In the recent past more and more cases appeared where (mainly
hwmon/sensors) drivers interfered with ACPI subsystem.

Such interference can show up in all kind of bugs (messed up
temperature, thermal management which is rather sever,..), that
are hard to identify -> Remove potential drivers and wait ...

This patch should:
a) Identify machines where potentially ACPI interference can happen and
   tell the user which legacy drivers are affected.
b) Identify drivers/HW where we might need an ACPI driver in future
c) If it works out (if not too much important drivers are affected)
   enforce that native, non-ACPI drivers using the same IO/System
   memory addresses as declared in ACPI namespace fail to load.

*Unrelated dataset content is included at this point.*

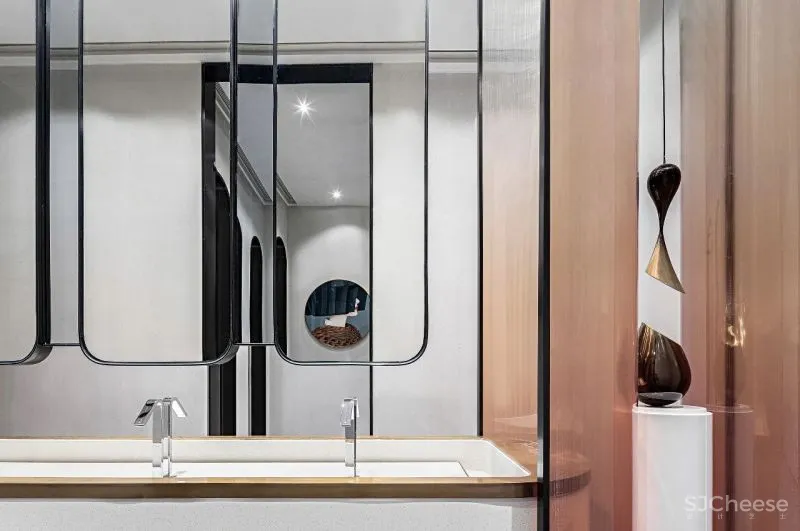 大研设计｜新作 汕头中海·悦江府售楼处 ｜售楼处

There are two kind of IO/System memory declarations in ACPI ASL
language: general variables and device specific resource
declarations.
The latter is already handled by pnpacpi and resources get requested 
from pnpacpi already. These resources can (with this patch) partly
already be requested by the general ACPI declarations and this patch
should handle this gracefully.

ACPI drivers (e.g. pnpacpi and others) are allowed to request these
resources (marked IORESOURCE_SHARED) through acpi_request_region().
Depending on strict, lax, no(default) others (drivers not using ACPI)
requesting ACPI variable resources will:
  strict: fail to request the resource -> driver normally will not load
  lax:    you get a syslog entry which resource might conflict with a
          "shared resource" and a "System might run unstable.." warning.
  no:     same behaviour as without the patch


strict and no params should work as described.
Unfortunately there is one unresolved problem with the lax option:

Here two examples of not nice things that could happen with lax option:

 a) legacy drivers (in this case arch/x86_64/setup.c) request resources
    before ACPI variables (shared resources) are requested:
(/proc/ioports):
0080-008f : dma page reg
  0080-0080 : ACPI DEB0*
    In this case it's working as "dma page reg" includes the ACPI 
    SystemIO variable's space. If the ACPI variable is bigger, I expect
    the ACPI variable would not get inserted...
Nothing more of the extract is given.